• **What you have to do**:
Every record below must come back exactly as written, with the images dropped.

• **Dataset extract**:
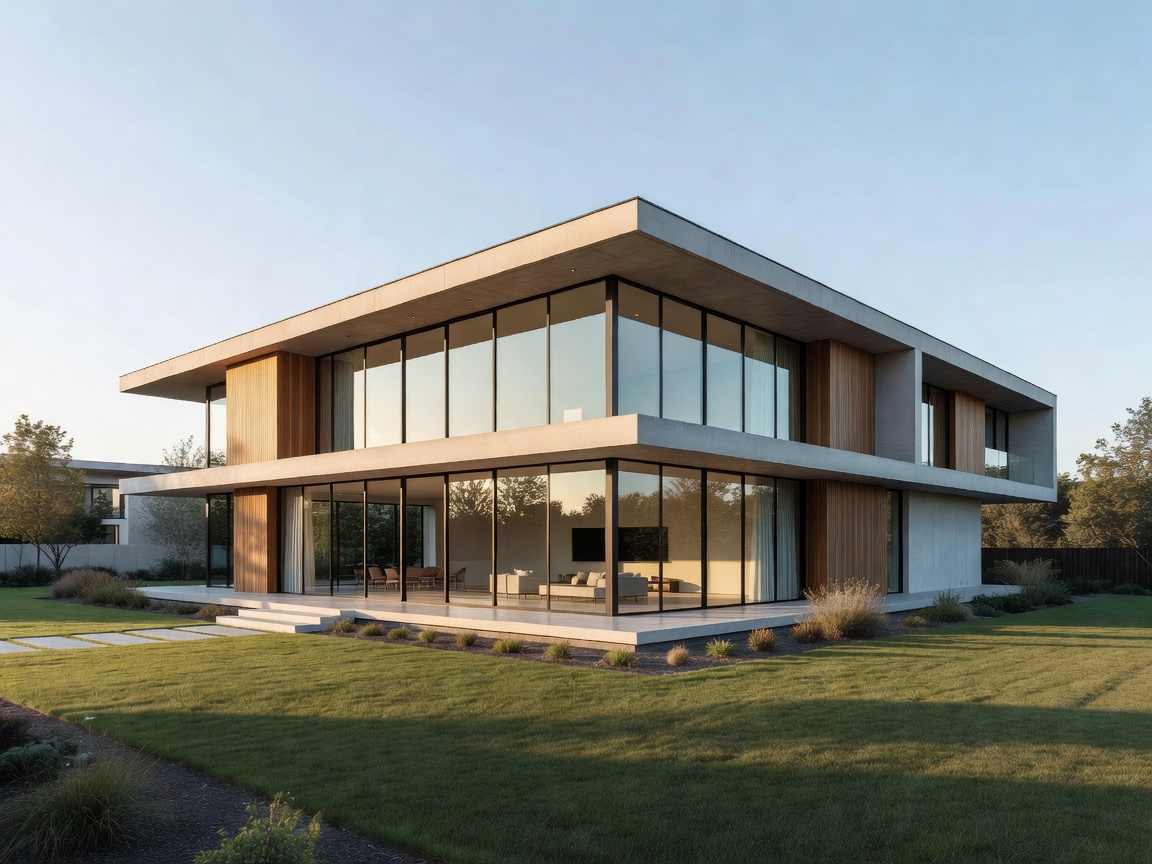 Modern contemporary home architecture with large glass panels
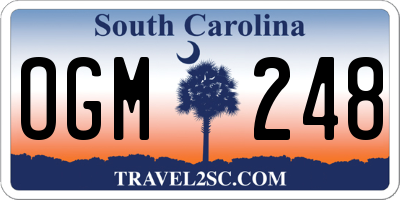 SC license plate OGM248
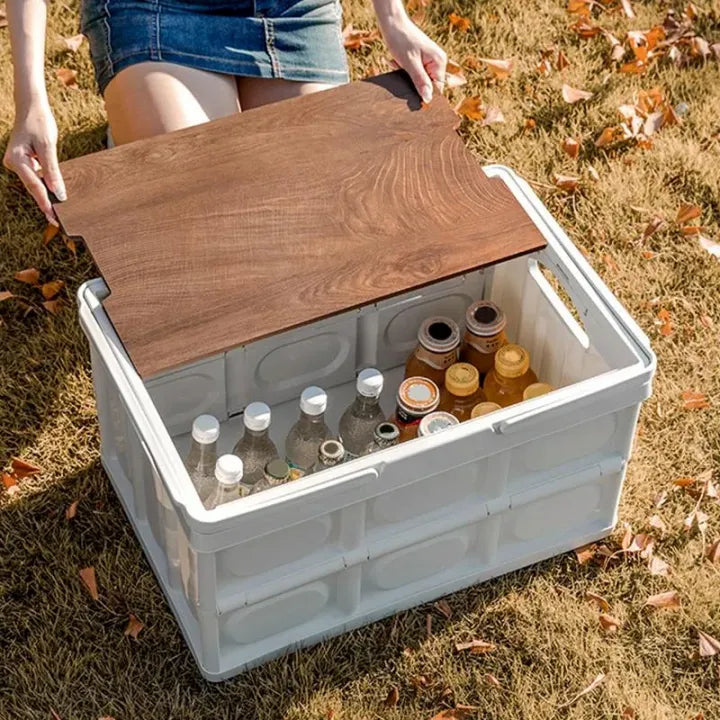Folding Storage Camping Box with Wooden Lids, Heavy Duty Folding Storage Box Large Foldable Plastic Storage Bins Organizer Container for Outdoor Camping Picnic Indoor Home Room Closet,55L
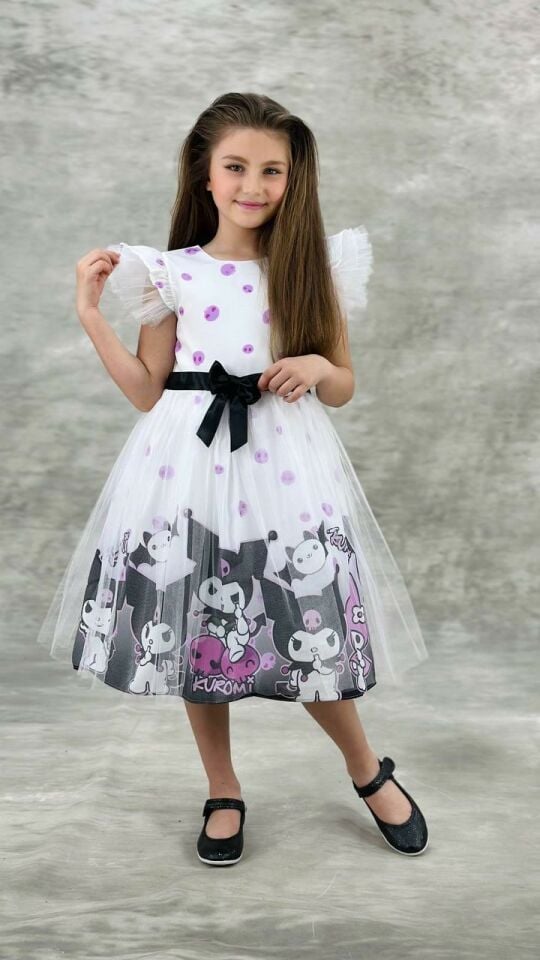 Kız Çocuk Tüllü Kuromi ve My Melody Desenli Tüllü Kız Çocuk Parti 2712BEYAZ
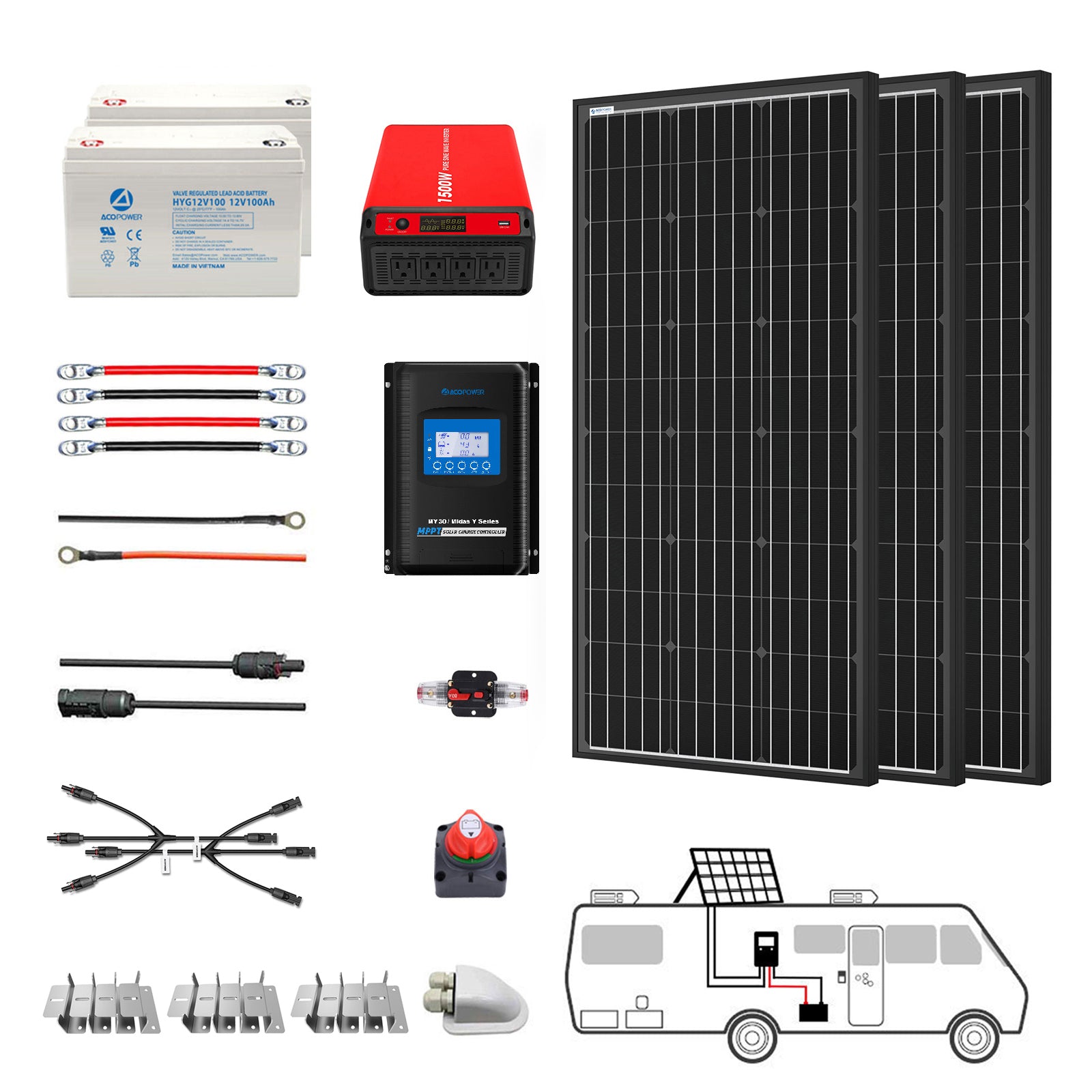 ACOPOWER Deep Cycle GEL Battery Mono Solar Power Complete System with Battery and Inverter for RV Boat 12V Off Grid Kit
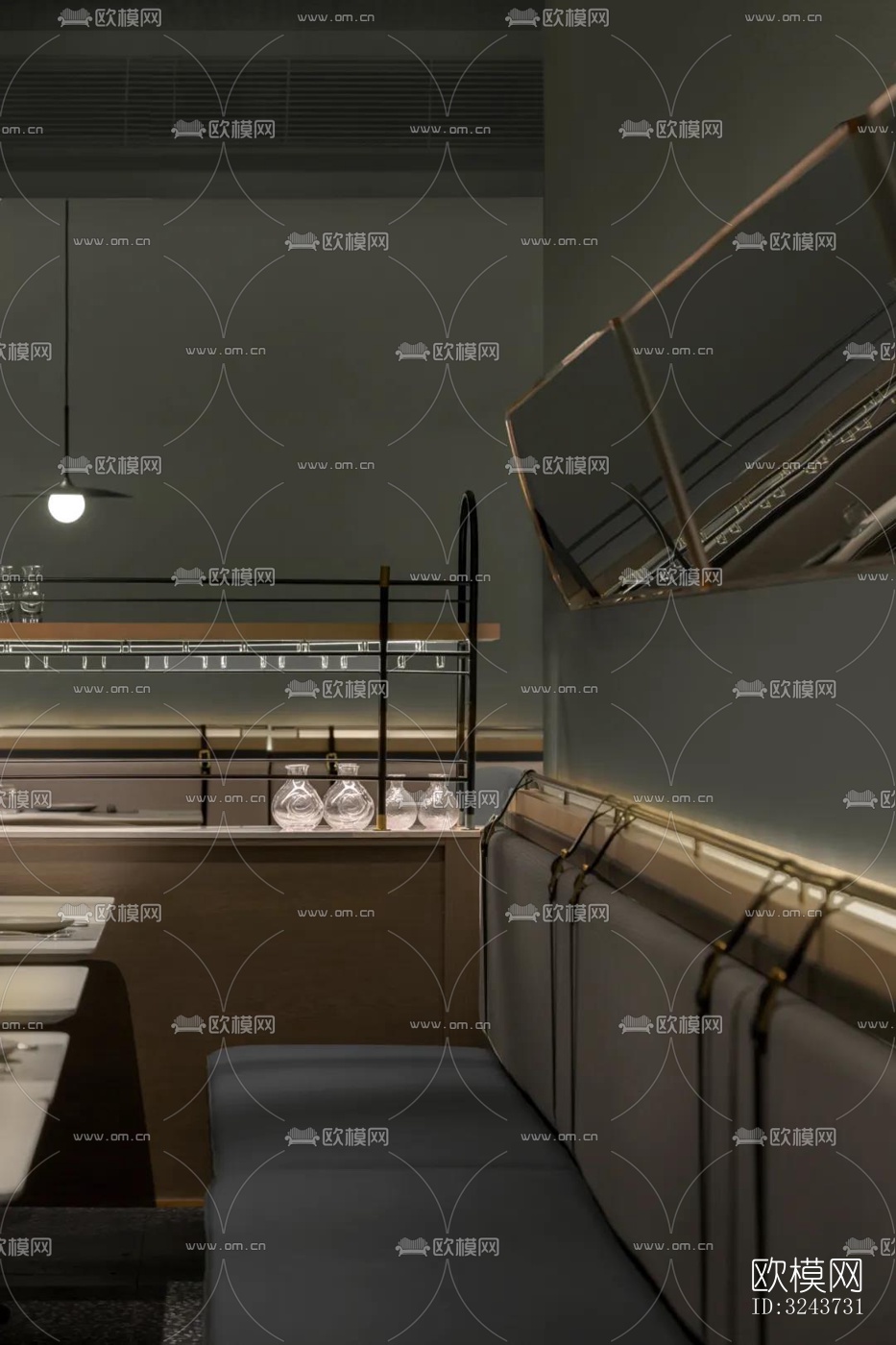 现代西餐厅效果图下载（渲染图4）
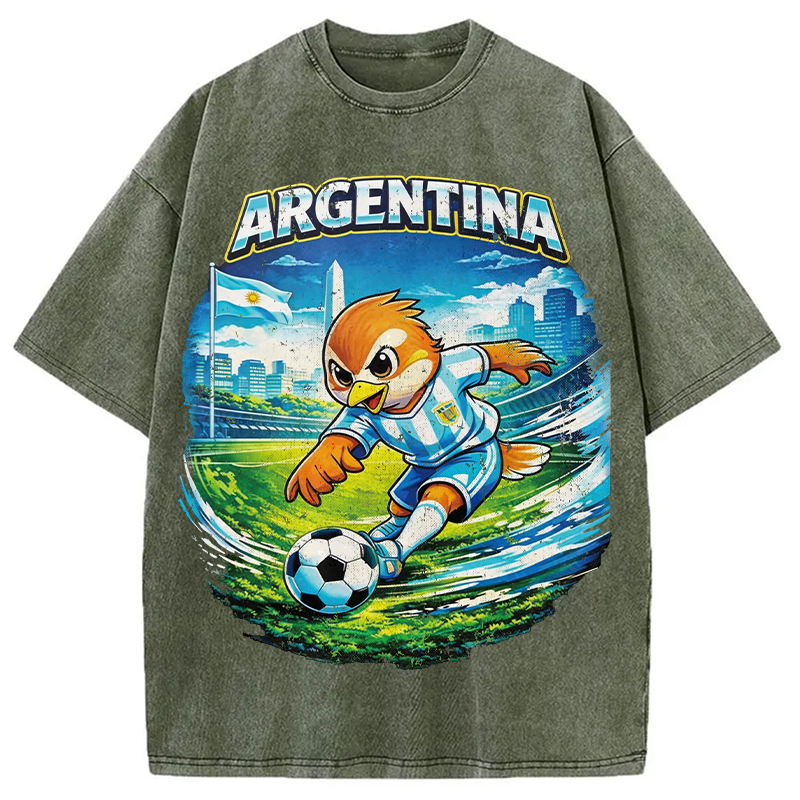 Modecanvas Argentina Rooster Soccer DTG Printing Washed T-Shirt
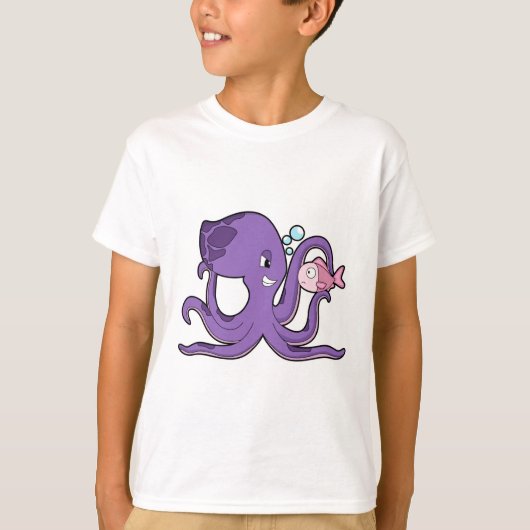Octopus with Fish.PNG Tシャツ (正面)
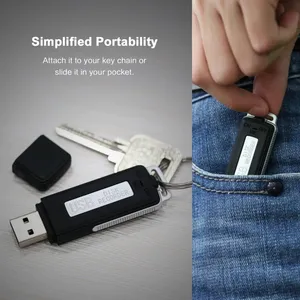 مسجل صوت USB 8GB – تسجيل بضغطة واحدة صغير ومحمول جودة صوت واضحة للمحاضرات والندوات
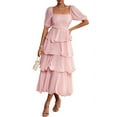 thumbnail image 1 of Women'S Summer Boho Maxi Dress Short Puff Sleeve Flowy A Line Tiered Beach Vacation Long Dresses Pink L, 1 of 8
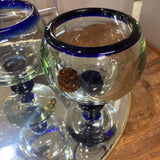 Set of 2 Mexican Pedestal Wine Glasses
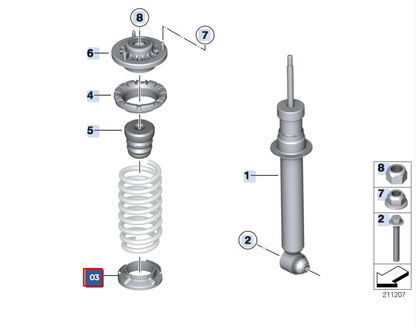 new bmw 5 f10 rear spring pad lower 33536866784 6866784 original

• **Written answer**:
 Modern contemporary home architecture with large glass panels
 SC license plate OGM248
Folding Storage Camping Box with Wooden Lids, Heavy Duty Folding Storage Box Large Foldable Plastic Storage Bins Organizer Container for Outdoor Camping Picnic Indoor Home Room Closet,55L
 Kız Çocuk Tüllü Kuromi ve My Melody Desenli Tüllü Kız Çocuk Parti 2712BEYAZ
 ACOPOWER Deep Cycle GEL Battery Mono Solar Power Complete System with Battery and Inverter for RV Boat 12V Off Grid Kit
 现代西餐厅效果图下载（渲染图4）
 Modecanvas Argentina Rooster Soccer DTG Printing Washed T-Shirt
Octopus with Fish.PNG Tシャツ (正面)
 مسجل صوت USB 8GB – تسجيل بضغطة واحدة صغير ومحمول جودة صوت واضحة للمحاضرات والندوات
 thumbnail image 1 of Women'S Summer Boho Maxi Dress Short Puff Sleeve Flowy A Line Tiered Beach Vacation Long Dresses Pink L, 1 of 8
 Set of 2 Mexican Pedestal Wine Glasses
 new bmw 5 f10 rear spring pad lower 33536866784 6866784 original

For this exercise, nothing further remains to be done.